I remember reading about Bill Gates and Steve Jobs at the age of 12 and
thinking, "Hey, I'm going to do that!" Then I thought I'd be a senator. Or an
astronaut. I campaigned for Nader and thought Ayn Rand was stupid. Then I
started studying economics and thought I'd be a professor, and maybe Rand was
on to something after all.

So you could easily argue that I was born to be an entrepreneur if you looked
at some slices of my childhood, and you could argue that I was made one if you
looked at others. I'm much more interested in well-defined questions, such as:
Is the Kauffman Foundation's Fast Trac program effective in making people into
entrepreneurs?

------
pedalpete
This is like saying 'marathoners are not made, they're born'. It's a
combination of factors. Lots of people have the entrepreneurial spirit, but
are not entrepreneurs. What about all the 'idea' people who don't execute?
where do they fall? are they entrepreneurs?

Couldn't we equally say the common factor is people who 'simply got tired of
working for others, had a great idea they wanted to commercialize, or woke up
one day with an urgent desire to build wealth before they retired.

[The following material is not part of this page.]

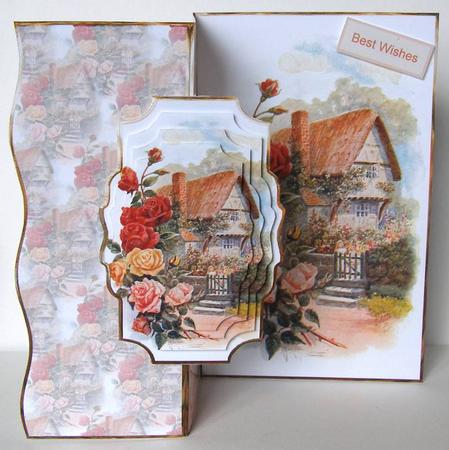 Rose Cottage Fold Back Card Mini Kit by Margaret McCartney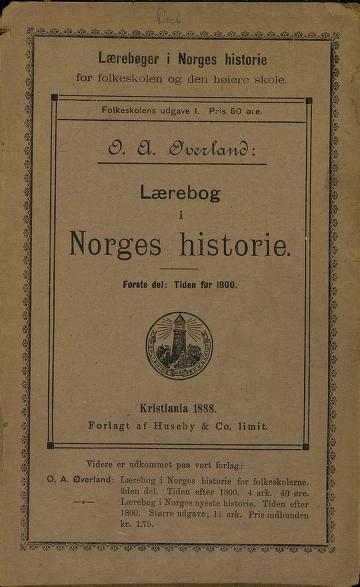 Lærebog i Norges historie for folkeskolerne. D. 1 : Tiden før 1800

So they
took the big leap.'

Is an "Entrepreneur" anything more than a person with a 'get it done, and do
it right' mentality?

------
ojbyrne
Substitute "white and affluent" for entrepreneurial in

"They believe that successful entrepreneurs come from entrepreneurial families
and that they start their entrepreneurial journey by selling lemonade while in
grade school."

and you pretty well have the gist of what Jason, Fred and Silicon Valley VCs
believe in. Not quite racism, but certainly when asked "what does a great
entrepreneur look like?", their answer is "just like me."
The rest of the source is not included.